Society as a whole can’t even agree on what is a good measure of intelligence in humans, let alone machines. Let’s take reading a paragraph of text as an example. Although computers have always done well at reading the text to be scanned, we never really expected the computer to understand the content in any way. There has been progress in this space more recently with Microsoft Understanding Autoplay which attempts to use a new neural network architecture called Reasoning Network (ReasoNet), and the team was able to mimic the inference process of human readers. Tasks such as understanding context or intent, etc. are human-like traits, and depending on the domain of use, we can determine which ability would be considered “human”. You can begin to see the difficulty of measuring intelligence in a general-purpose “intelligent” machine.

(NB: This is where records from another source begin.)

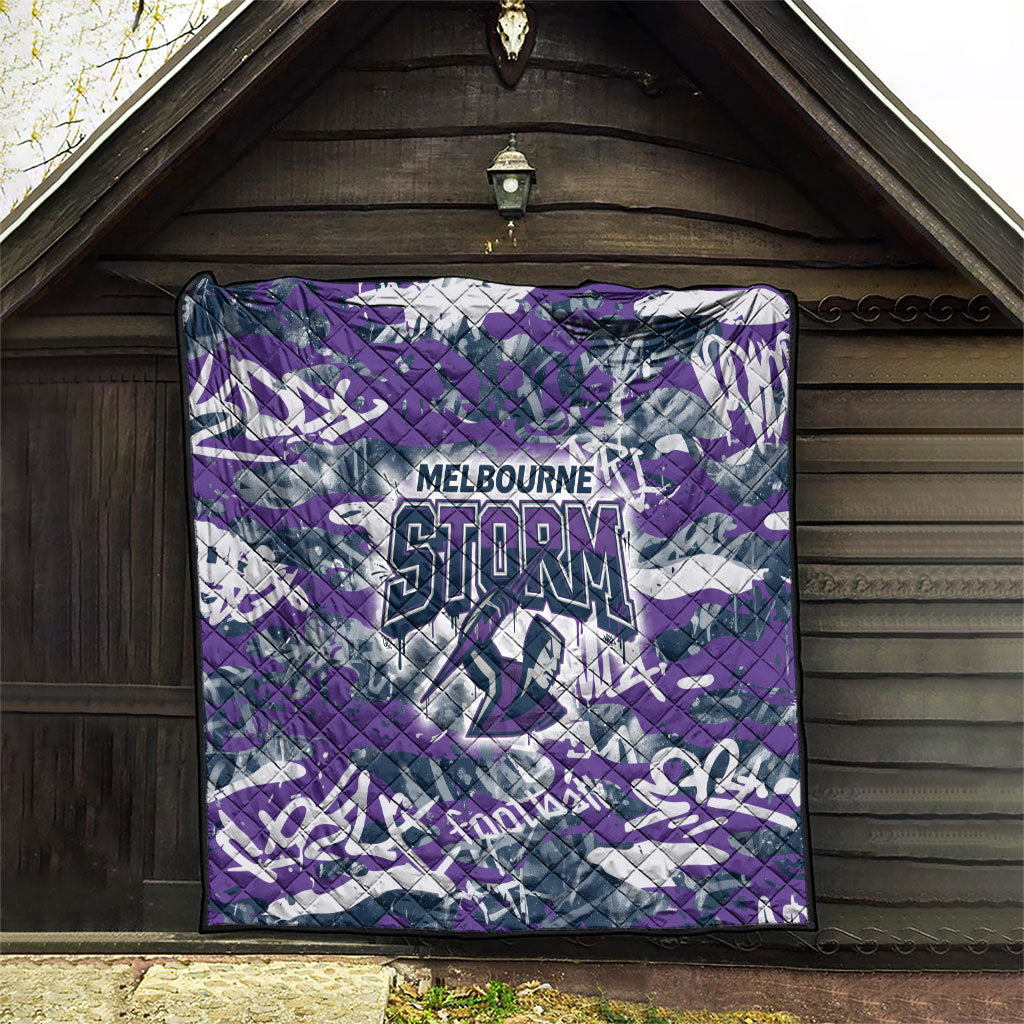 Melbourne Storm Rugby Quilt Graffiti Typography Urban Camo Abstract Street Style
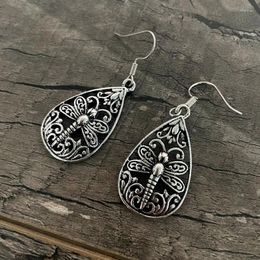 Dangle Earrings Ancient Silver Colour Dragonfly Hook For Women Vintage Metal Carving Hollow Personality Jewellery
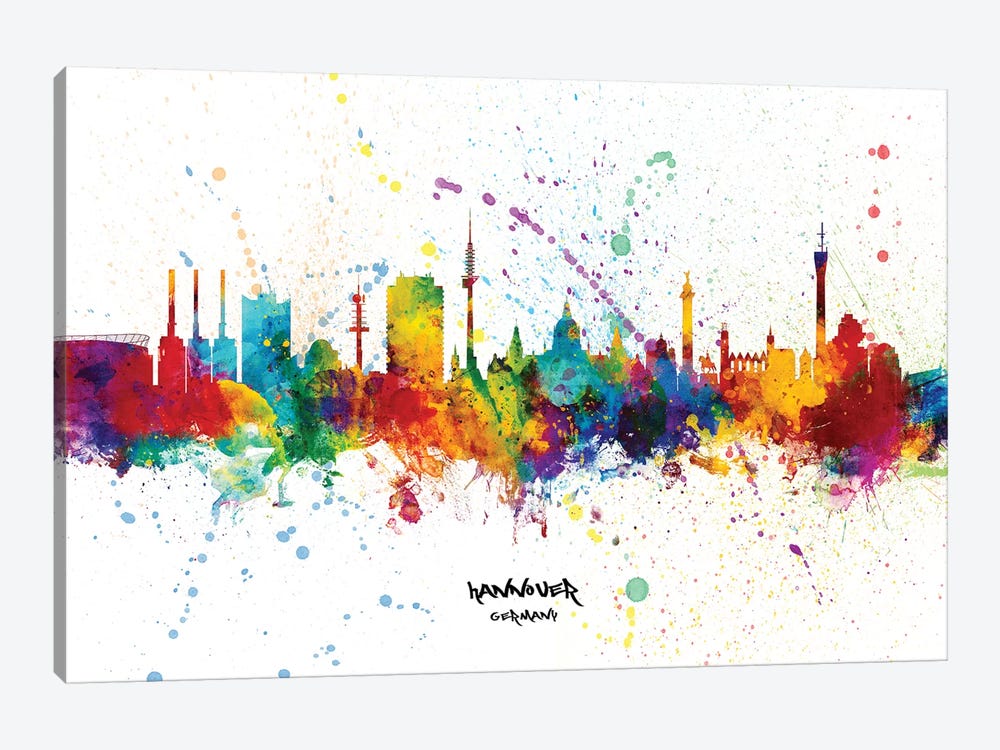 Hannover Germany Skyline Splash by Michael Tompsett 1-piece Canvas Artwork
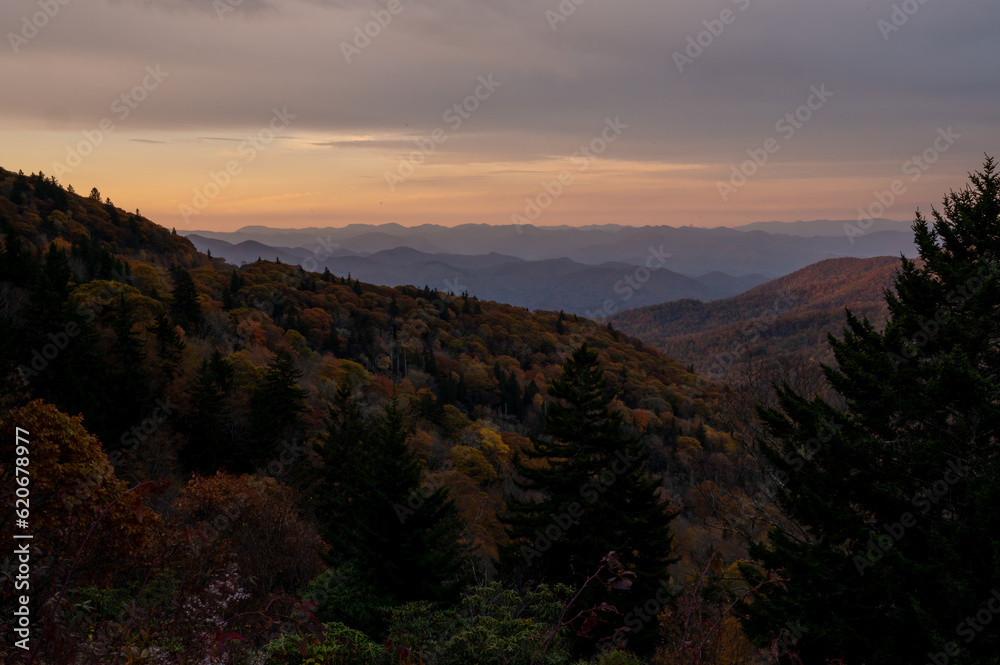 Pink Light Tints the Clouds over the Blue Ridge Mountains
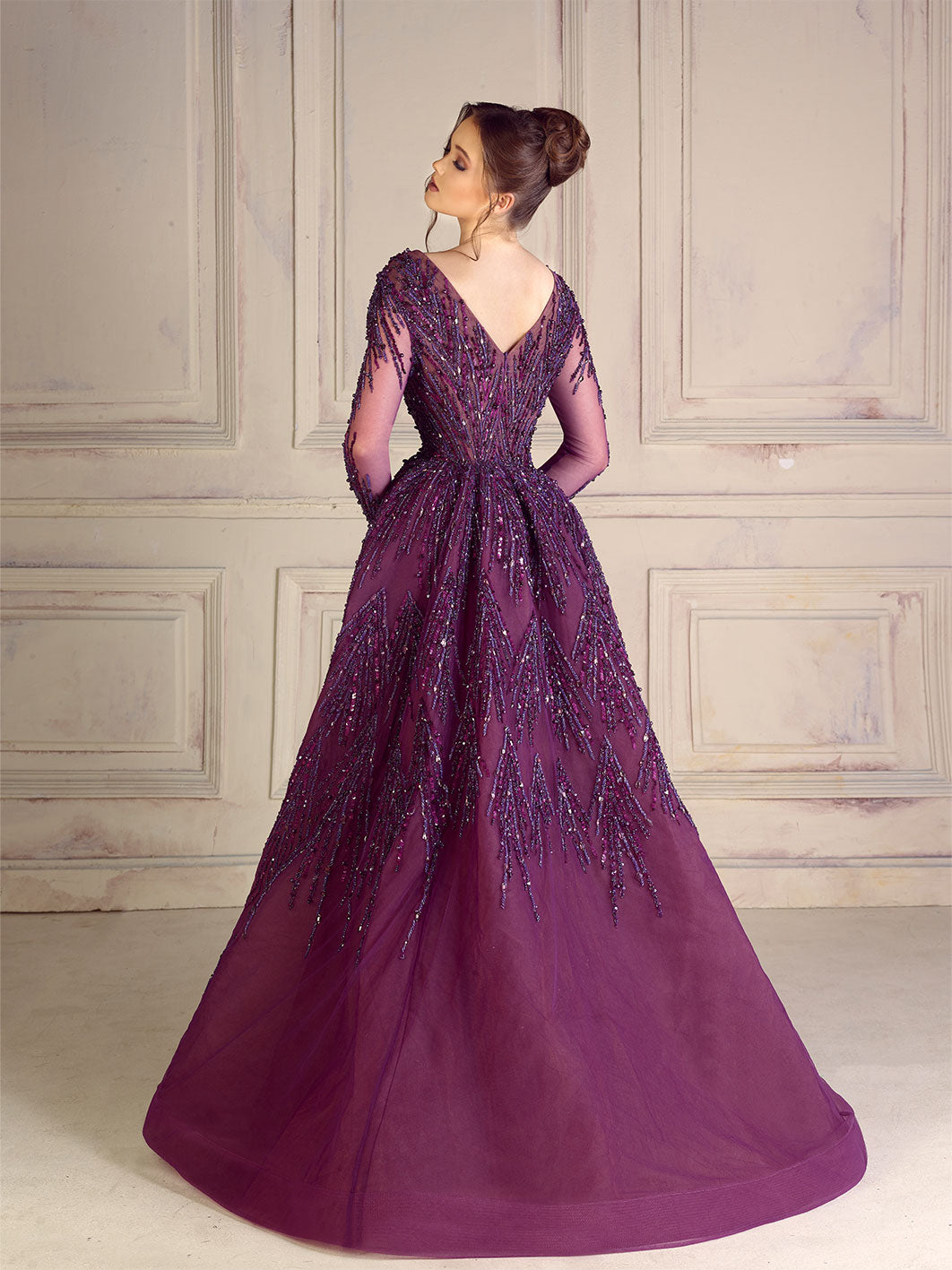 Dark Purple A-Line Night Gown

Human common sense is still a leap beyond anything we’ve seen in the AI/ML space. To describe this, my colleague, Dr. Wilcke at IBM, often uses this question in his speeches. Do clouds pay taxes? This is a very interesting example because every adult will answer this question without any thought or hesitation. Yet I will argue that not a single one was explicitly taught in school or anywhere else that clouds don’t pay taxes. How then is it so easy to answer this question? If we ask this question of any ML engine, it will be unable to answer it with any degree of confidence unless someone has explicitly programmed it as a rule. Indeed, man, from an early age, develops a model of the world through learning and above all through observation.
Another vitally important difference is the temporal (or sequential) aspect of how we learn. A child can easily recite the English alphabet from A to Z but if we ask a question like “what comes before U?”, for example, the child will have to try to repeat parts of the sequence to find the answer. The same goes for the lyrics of a song. You will begin to see that much of our learning is tied to sequences in time or space indicating an entirely different learning process.
Much of the work today still involves neural networks due to the immediate monetization potential. There have been advancements in moving from narrow AI to broader AI with the evolution of transfer learning and ad hoc learning and many more, but none of them come close to convincing way of common sense.
So, in summary, can these neural networks, over time, achieve this broader inference capability or will it take an entirely different architecture to learn and use common sense. This is an ongoing debate and time will tell. The fact will remain that neural networks need far too much power to learn to compete with the 20 watt human brain.